Two important scriptures of India, Ramayana and Mahabharata were the strong foundations of Foreign Relations of Ancient India. When Lord Rama ruled the land of India almost 7000 years ago, he developed relations with other countries on spiritual grounds. According to Ramayana, India had relationship with Sri Lanka on the basis of religion and spirituality. The relations sustain even today!
We find many references in which King Ashoka one of the most globally advanced kings of India had his reach throughout the world. Evidence shows the use of Kharoshthi script in Shahbazgarhi and Mansehra edicts in North proving strong contact with Iran. There are references to the Greeks in the rock edicts of Ashoka. On certain occasions, the word ‘Greek’ was used to refer to the Hellenic Kingdom. Antiochus II of Syria is more frequently mentioned. The other Hellenistic Kings where Ashoka sent missions to establish mutual relations were Ptolemy II from Philadelphia of Egypt, Magas of Cyrene, Antigonus Gonatus of Macedonia and Alexander of Epirus.
A book called ‘Dipavamsa’ describes in length the role of Ashoka in the spread of Buddhism in India and Ceylon (now Sri Lanka).
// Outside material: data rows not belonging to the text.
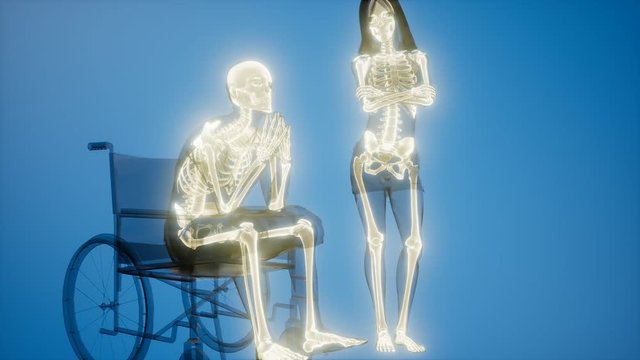man in wheelchair with visible bones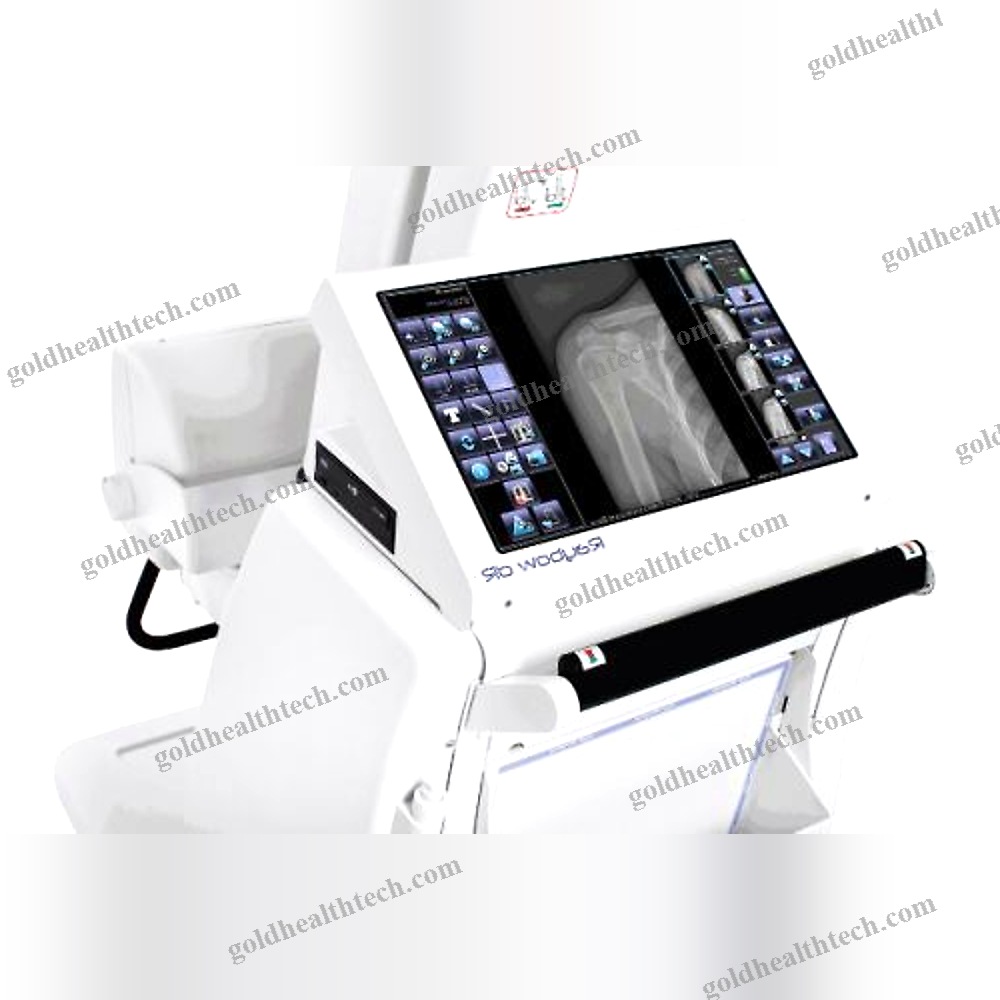 Digital Mobile Radiography Unit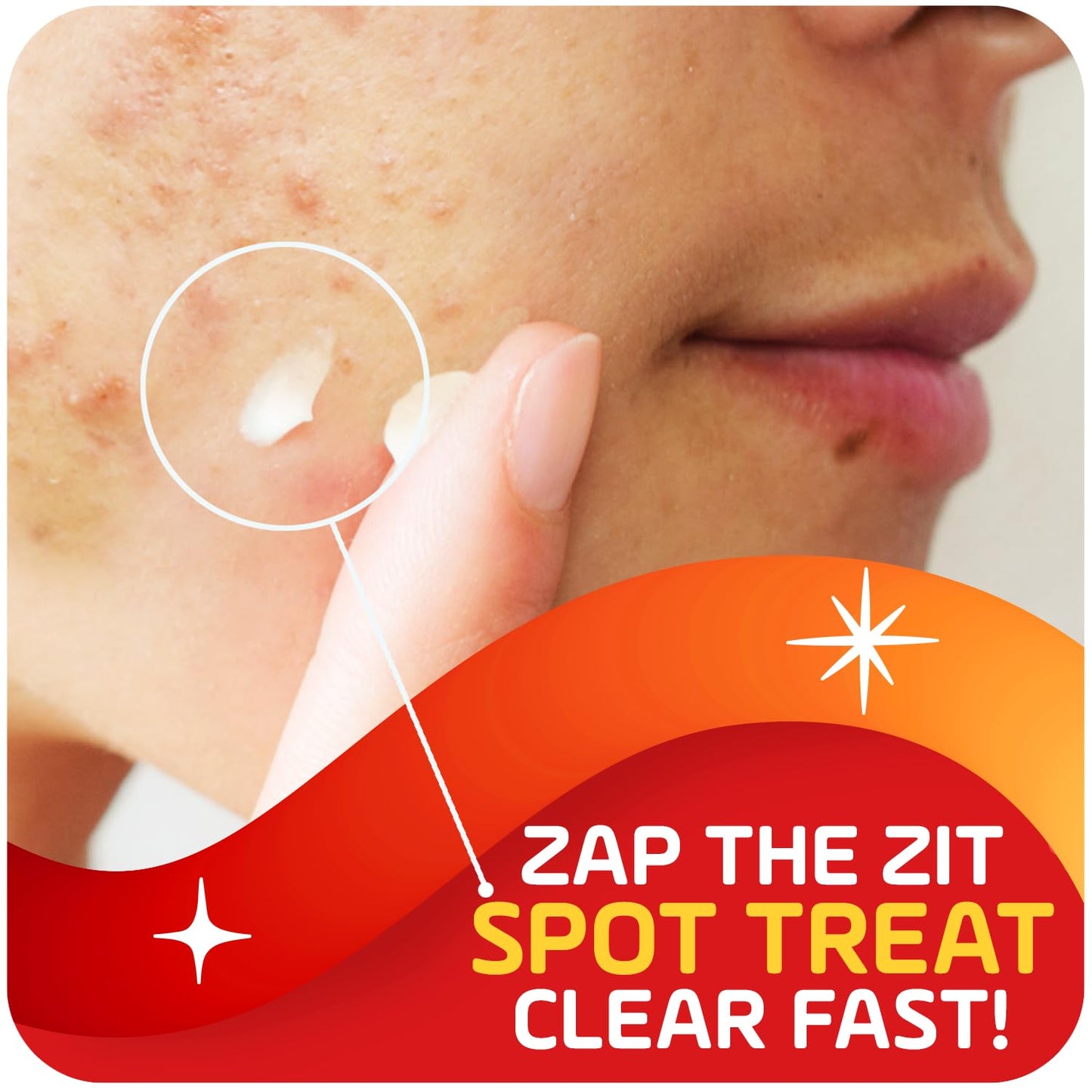 Asepxia 2% Salicylic Acid Acne Spot Treatment Cream | Drying Formula Targets Acne, Clears & Prevents Blemishes, Reduces Redness, Penetrates Pores, Pimple Cream, 1 Oz, 1-Pack, EXP 12/23
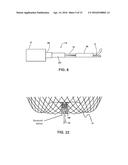 DELIVERY AND DETACHMENT SYSTEMS AND METHODS FOR VASCULAR IMPLANTS diagram and image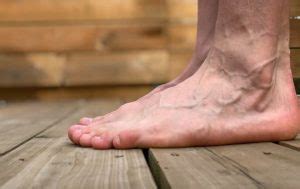 Understanding Bone Spurs on Top of Foot: Causes and Treatments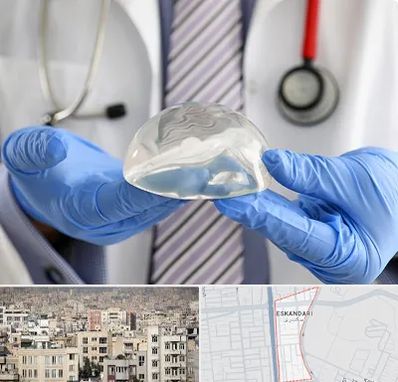 ماموپلاستی در اسکندری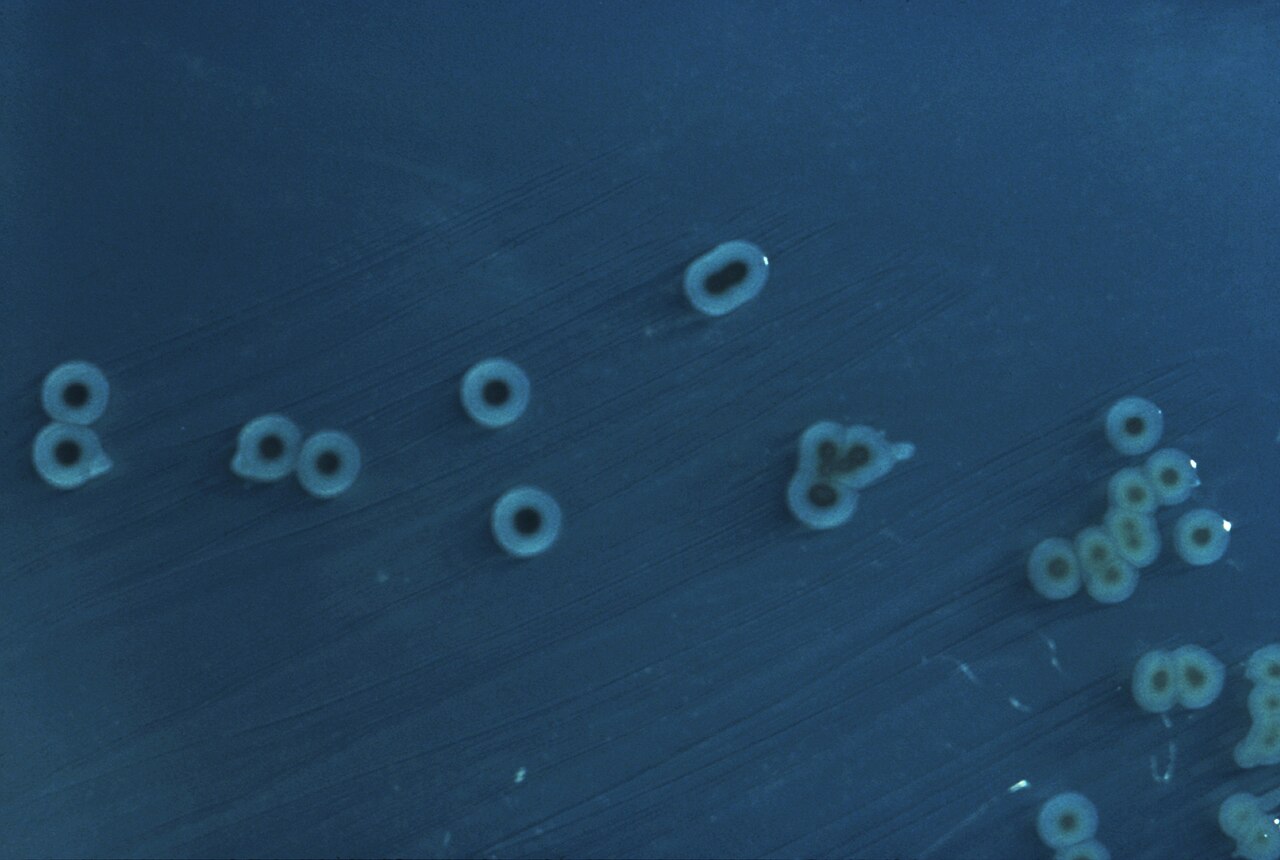 Batteri della salmonella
The famous Megasthenes lived as representative of Seleucus Nikator in the court of Chandragupta Maurya and wrote a book called “Indica”. This book gives detailed account of the relations of India and Greek Kingdoms in ancient times. No wonder, India has been one of the most civilized and global countries of the world.
The importance of maintaining foreign relations
We develop relations with other countries in order to support, encourage and elevate each other towards development and enhance the quality of environment for both to co-exist peacefully. This does not happen in a day. It takes centuries. Relations are like flowering plants that bloom gradually only when the time is right. Yet, we are bound to water it every single day in order to keep it healthy and green. The same theory applies to Ancient India’s Foreign Relations. Over a course of time, India has gotten connected with the country surrounding it. It has taken ages for India to reach where it is today in India’s Foreign Relations. The history of development of these relations is a very interesting process to witness and huge wisdom is hidden in building India’s Foreign Policy.
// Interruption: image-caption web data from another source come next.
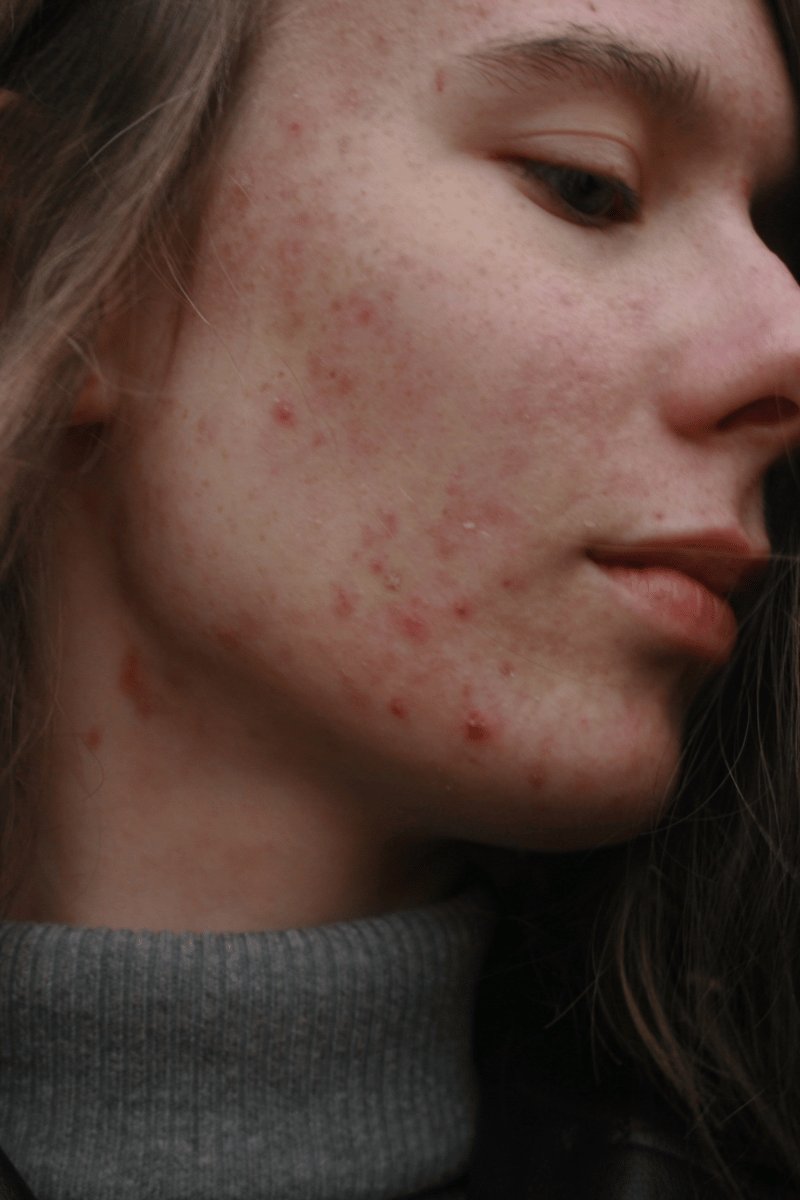 best acids to treat acne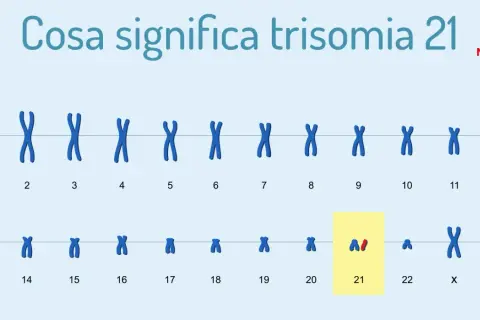 Il cariotipo mostra la trisomia 21, la causa della sindrome di Down. Le cause di morte in questi casi sono spesso legate a complicazioni cardiache o respiratorie.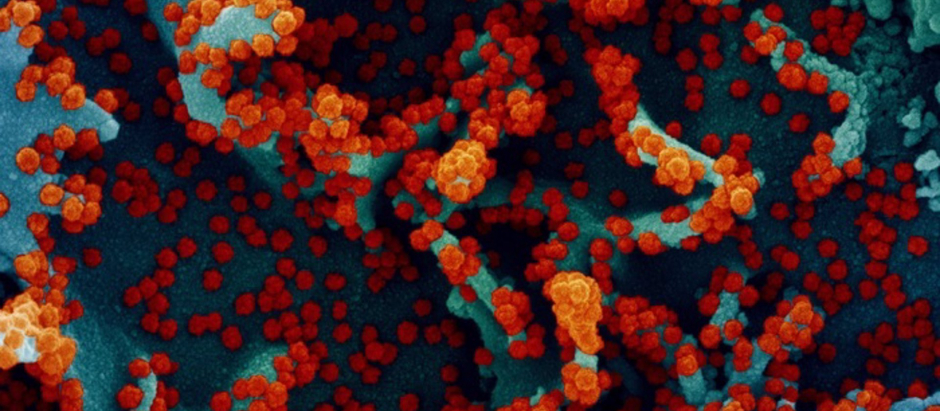 Micrografía electrónica de barrido coloreada de una célula infectada con SARS-CoV-2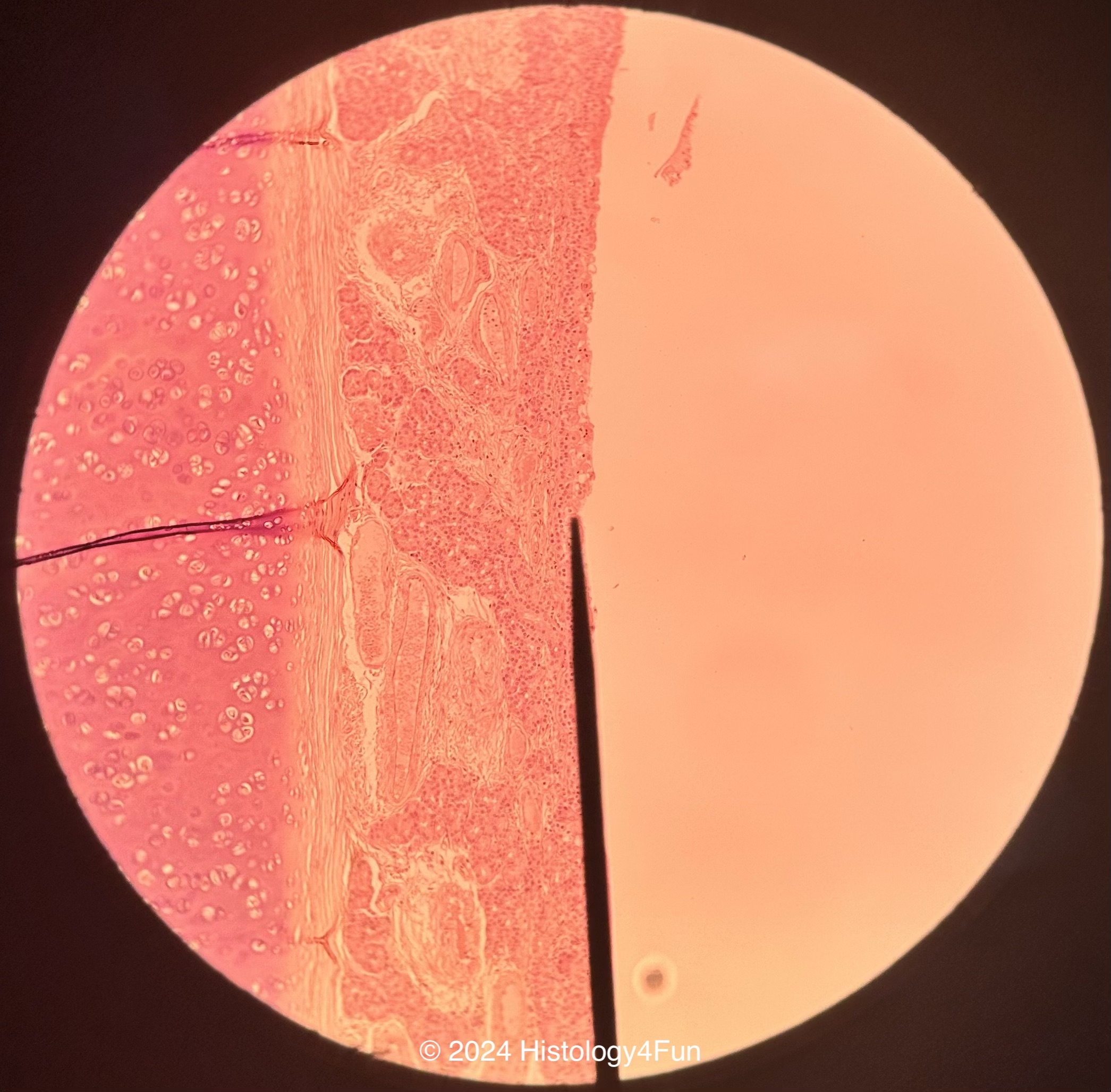 Olfactory Epithelium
India for ages has been the land of civilizations and kingdoms. Infinite numbers of Kings and Queens have ruled this land for centuries and have left a remarkable footprint on the current relations of India. Whether it is the relation with Pakistan, Nepal, Tibet, Sri Lanka or Thailand, we have gone through series of events including ups and downs with all of them for a long time now.
We also know that Buddhism and Hinduism became one of key markers in India’s close engagement with South East Asia. India back then established connections through trade, commerce, cultural exchange and maritime connectivity.
Ashoka was supported by India’s highest visionary and foreign policy maker Chanakya. The foreign policies he developed to expand the Mauryan Dynasty are instrumental and pole star for Indian Foreign Services even today. Under his theory, one of the oldest strategies for maintaining foreign relations called Raja Mandala came up. The states participate in diplomacy and war using the six methods of foreign policy. Chanakya gave six principles to maintain India’s Foreign Relations as Sandhi (making peace with strong enemy), Vigraha (policy of hostility), Asana (keeping quiet), Yana (March or Expedition), Sansarya means seeking shelter with another king, Dvaidhibhava refers to the double policy of Sandhi with one king and Vigraha with another at a time. Kautilya has mentioned four tactics to overcome the opposition viz. Saama (Conciliation), Daama (Gifts), Danda (Force) and Bheda (Dissension).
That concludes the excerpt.